The Prints, Drawings, and Photographs collection comprises more than 25,000 works dating from the 15th century to the present. The holdings include a large group of Old Master engravings and etchings, and particular strengths in prints and drawings of 18th-century Italy, 19th-century France, and 19th- and 20th-century America. The department also holds one of the largest collections of late 18th- and early 19th-century British watercolors in the United States, featuring work by J. M. W. Turner, George Chinnery, John Sell Cotman, William Blake, and Thomas Rowlandson. The collection of French prints and drawings includes work by Nicolas Poussin, Hubert Robert, Jean-Auguste-Dominique Ingres, Édouard Manet, Claude Monet, Honoré Daumier, Vincent van Gogh, Paul Cézanne, Edgar Degas, Pablo Picasso, and others.

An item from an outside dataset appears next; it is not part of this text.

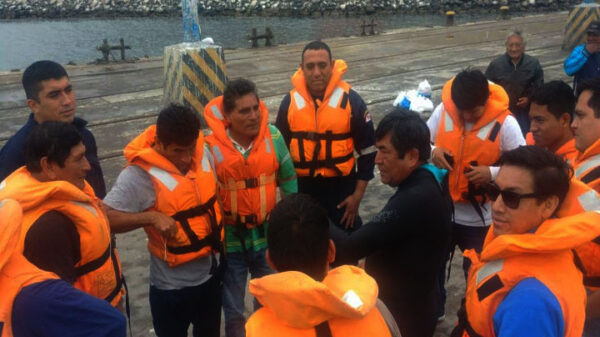 Sernanp capacita a pescadores de Chimbote para supervivencia en el mar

Notable in the collection of American watercolors and drawings are works by Benjamin West, Mary Cassatt, Thomas Eakins, Eastman Johnson, Winslow Homer, Maurice Prendergast, and Maxfield Parrish. Among the important 20th-century artists represented in the collection are Franz Kline, James Rosenquist, Helen Frankenthaler, Robert Motherwell, Jennifer Bartlett, Eric Fischl, Wayne Thiebaud, Kara Walker, and Francesco Clemente. Both the Nancy Sayles Day Collection of Modern Latin American Art and the Richard Brown Baker collection of contemporary British art have depth in works on paper.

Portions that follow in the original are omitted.